Technology has become increasingly important in Australian dispute resolution. Online hearing procedures, which were initially adopted as a pandemic response, have proven effective and have been retained as an option in many dispute resolution proceedings. Video conferencing and virtual hearing facilities have enabled parties and decision-makers to participate in dispute resolution proceedings with reduced travel and accommodation costs. These technological developments are likely to continue to reshape dispute resolution practice, and dispute resolution providers including ACICA and the Resolution Institute continue to adapt their procedures to accommodate technological change.

Our Practice

Dispute Resolution in Australia

Expert Services International can provide services across all Australian dispute resolution mechanisms and jurisdictions. Led by Neil Kirkpatrick, a quantity surveyor and chartered arbitrator with decades of experience in construction and infrastructure disputes, the practice provides arbitration, adjudication, mediation, expert determination and dispute board services across all Australian states and territories.
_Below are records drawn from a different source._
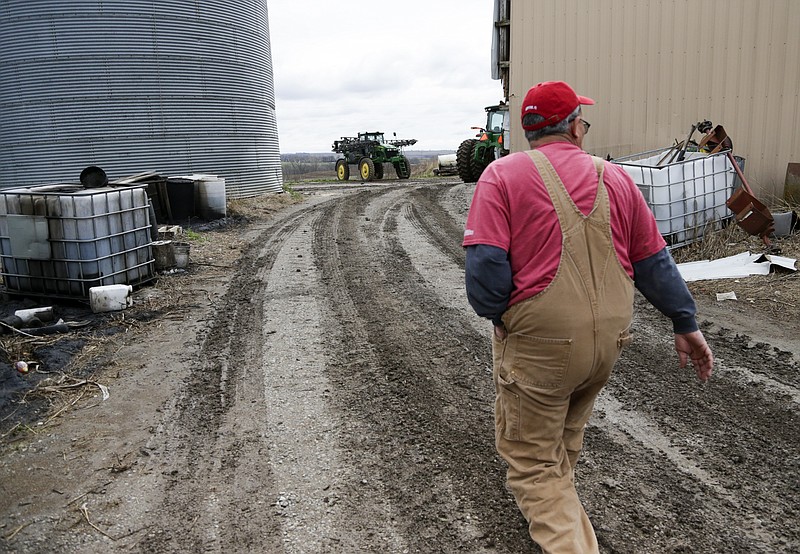 FILE - In this Tuesday, April 4, 2017, file photo, Blake Hurst, a corn and soybean farmer, walks to the tractor shed on his farm in Westboro, Mo. (AP Photo/Nati Harnik, File)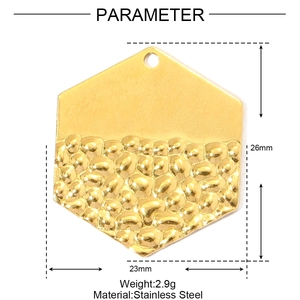 Detailed view of 26mm gold hexagon pendant with hammered texture and smooth finish
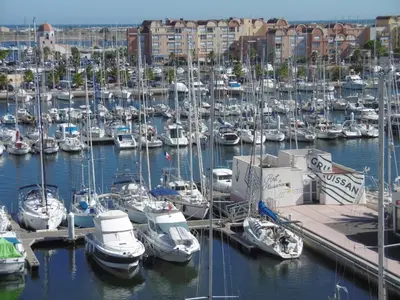 a bunch of boats docked in a harbor at Villa T4 8 pers proche plage Grazel, parking privé et terrasse - FR-1-796-98 in Gruissan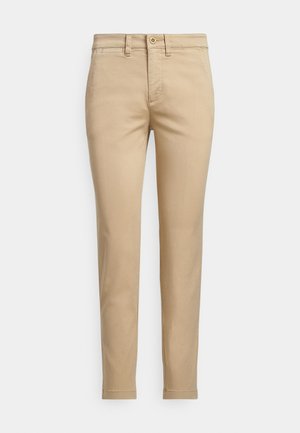 Beige bomulls-chinos med rak passform, utrustade med knappstängning, framfickor och sydda detaljer längs sömmarna.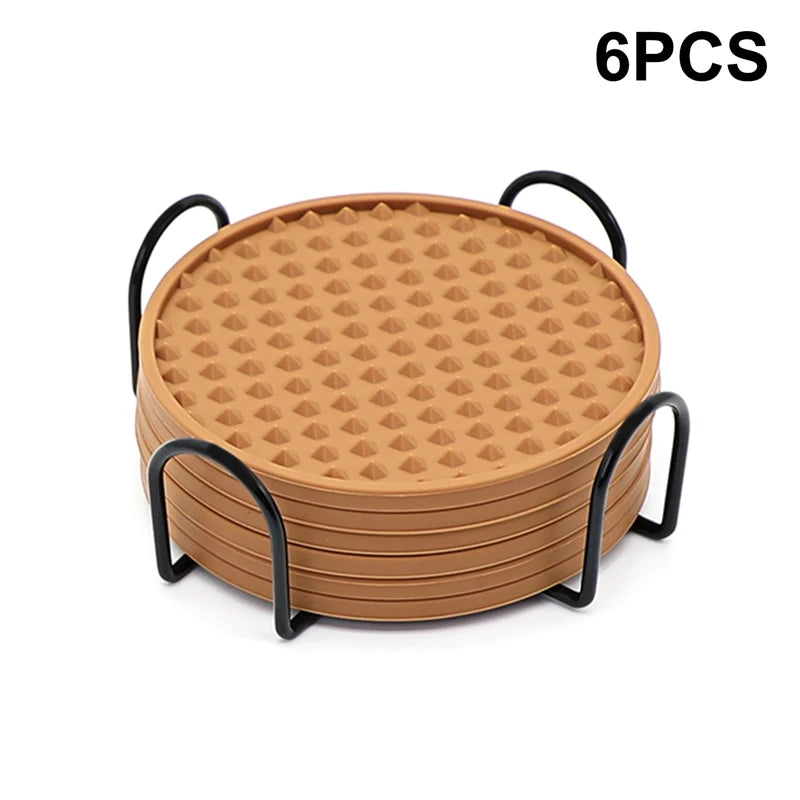 Brown 6Pcs Silicone Coasters Set with metal holder. Durable and stylish coasters ideal for protecting tables in any home or bar setting.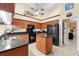 Modern kitchen with wood cabinets, granite countertops, and island at 3901 Balsam Ct, Sarasota, FL 34243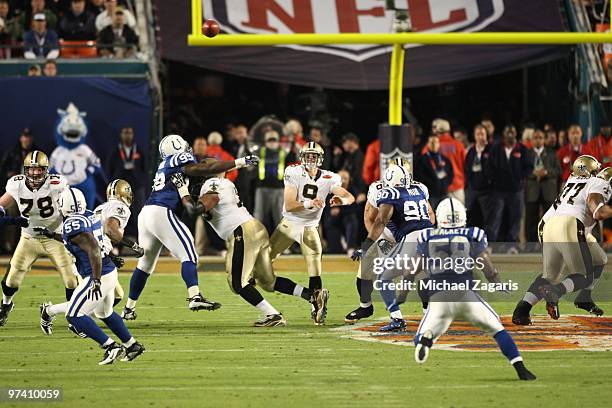 Drew Brees of the New Orleans Saints passes the ball during Super Bowl XLIV against the Indianapolis Colts at Sun Life Stadium on February 7, 2010 in...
Whether the dispute is being resolved through international arbitration, domestic arbitration, security of payment adjudication, mediation, expert determination or dispute board proceedings, our team understands the specific requirements applicable to each forum and each jurisdiction. We serve as arbitrators, adjudicators, mediators, expert determiners and dispute board members, bringing expertise in construction and infrastructure matters and precise knowledge of Australian procedural frameworks to every engagement.

Our Expertise

How We Can Assist

Expert Services International can provide dispute resolution services to parties involved in construction and infrastructure disputes across all Australian states and territories. Our services include acting as arbitrator, expert determiner, mediator, adjudicator and dispute board member. We also provide expert witness reports and testimony addressing quantum, delay, disruption, construction defects, contractual interpretation, variations, liquidated damages and claims for set-off.
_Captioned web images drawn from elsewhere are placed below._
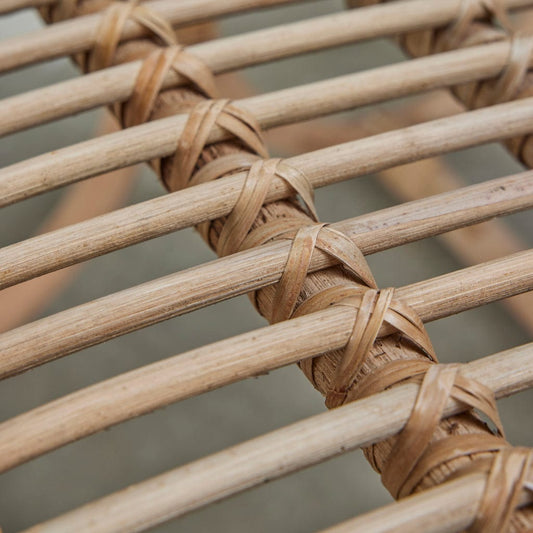 Close-up of the Norah Handwoven Rattan Dining Chair showcasing its natural, sustainable design.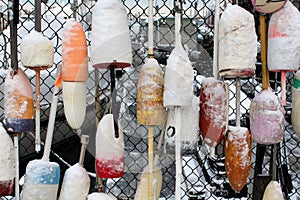 Snow covered nautical buoys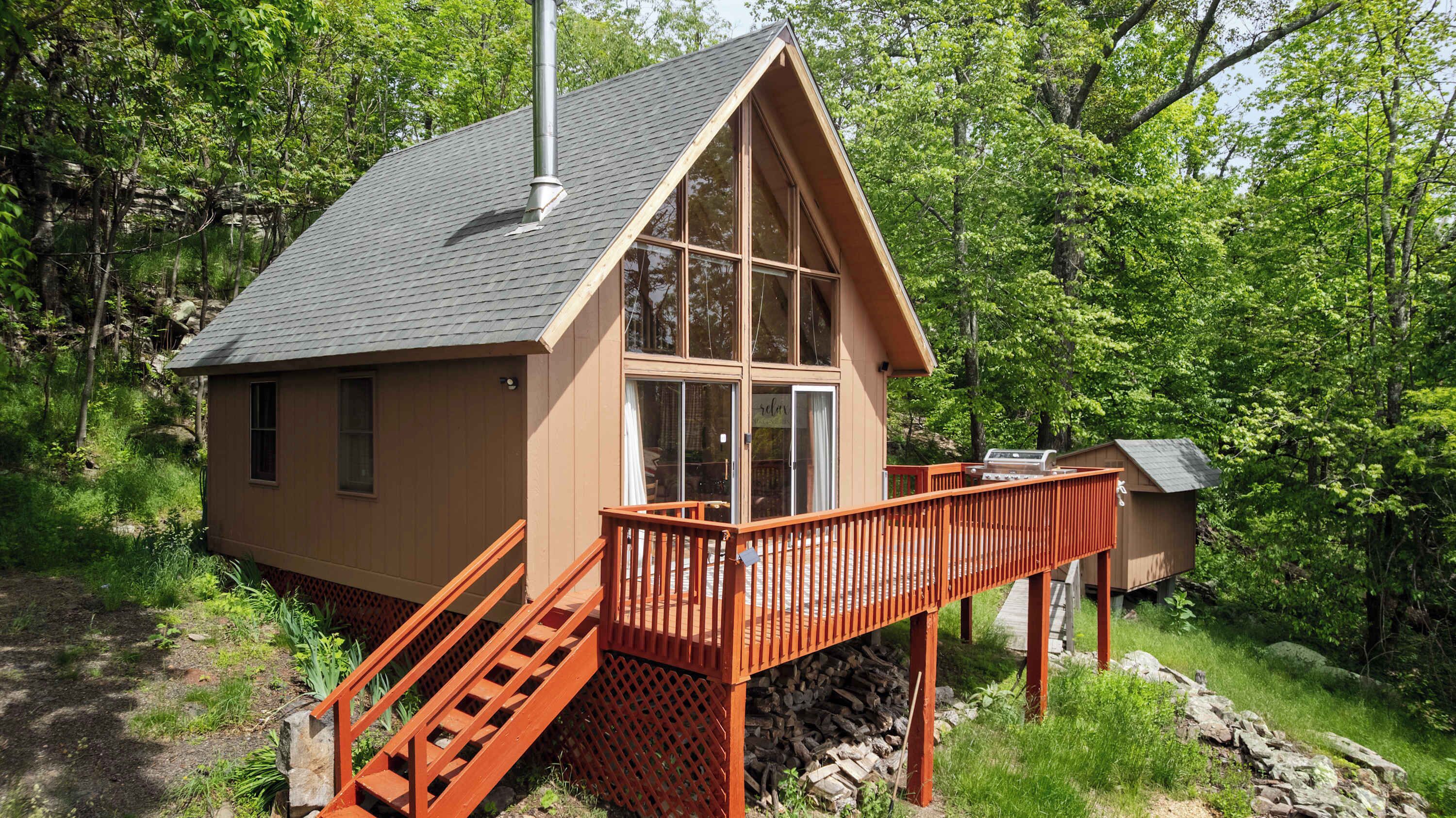 A cabin with a deck, a chimney, and a small outdoor grill area.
We prepare claims submissions, expert reports and advocacy for use in arbitration, expert determination, mediation, adjudication and dispute board proceedings. We can assist parties with the preparation and presentation of claims and defences across all forms of dispute resolution.

Service Scope

Dispute Resolution Services

Arbitration

Acting as arbitrator in domestic and international arbitration proceedings. We manage all aspects of arbitral procedure, conduct efficient hearings and deliver reasoned awards addressing the issues in dispute in accordance with applicable law and the parties' contractual framework.

Expert Determination

Acting as expert determiner under contractual expert determination clauses and institutional rules. Expert determination provides a binding resolution of technical and valuation disputes by a suitably qualified professional, typically within a shorter timeframe than arbitration or litigation.

Expert Witness Reports and Testimony

Preparation of expert reports addressing quantum, delay, disruption, construction defects, contractual interpretation, variations, liquidated damages and claims for set-off. We provide expert testimony in arbitration, court proceedings, mediation, adjudication and expert determination proceedings.

Mediation and Conciliation

Acting as mediator and providing mediation services to assist parties in reaching a negotiated resolution of disputes. We facilitate structured discussions, assist in identifying common ground and help parties achieve settlement without the need for formal adjudication.

Security of Payment Adjudication

Acting as adjudicator under security of payment legislation across all Australian states and territories. We conduct rapid determinations addressing payment disputes within the compressed timeframes prescribed by the applicable legislation.

Dispute Boards

Acting as dispute board member, chairperson or single neutral on major infrastructure projects. Dispute boards provide a standing mechanism for the rapid resolution of disputes during project execution, maintaining familiarity with the project throughout its duration.